As the cowering prisoner kneeled on the floor
and begged for mercy, several men with pistols and rifles stepped
forward and started blasting away. After they riddled the body with
bullets, mob members beat his lifeless corpse with crowbars, then
dragged him outside and down the town’s main street before
stringing him up on a telephone pole near the spot where Roberts
had been whipped. Upon his return, Wright found that the white
community’s bloodlust had been satisfied, so he seized the
opportunity to transport the remaining prisoners to Atlanta.

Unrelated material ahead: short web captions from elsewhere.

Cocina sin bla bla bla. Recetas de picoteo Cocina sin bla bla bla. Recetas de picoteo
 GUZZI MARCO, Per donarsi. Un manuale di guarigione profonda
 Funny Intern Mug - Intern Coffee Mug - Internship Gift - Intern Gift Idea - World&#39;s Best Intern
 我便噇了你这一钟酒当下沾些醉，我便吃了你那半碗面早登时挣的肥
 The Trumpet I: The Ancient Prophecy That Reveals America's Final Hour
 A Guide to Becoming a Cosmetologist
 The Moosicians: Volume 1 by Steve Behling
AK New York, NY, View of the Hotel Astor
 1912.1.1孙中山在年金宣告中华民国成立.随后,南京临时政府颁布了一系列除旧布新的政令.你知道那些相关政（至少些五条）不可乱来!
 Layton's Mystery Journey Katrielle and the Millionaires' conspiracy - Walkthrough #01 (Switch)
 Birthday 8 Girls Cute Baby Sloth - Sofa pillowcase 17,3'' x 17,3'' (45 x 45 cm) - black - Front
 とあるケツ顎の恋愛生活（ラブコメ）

The mob was only temporarily sated, however.
After admiring their work, posing for pictures beside Galent’s
bloody corpse, and collecting some ghastly souvenirs, it was time
to get back to lynching. There was unfinished business in Marietta,
so they set off to find Ronnie Harris and Preacher Roberts in
connection with the earlier “attack” on the unnamed white woman.
Wright called the circuit judge in Marietta and advised him a mob
was heading his way. The judge ordered the prisoners moved to the
Tower, Atlanta’s heavily fortified city jail, where they would join
Dent.

Once word spread that there would be no fun
that night, the crowd dispersed, its members melting back into the
hills from whence they came. Wright regretfully advised the judge
that there were no warrants for Roberts’s arrest, so the black
preacher was released from jail that night. He did not return to
Forsyth County. Nothing more of his fate is known.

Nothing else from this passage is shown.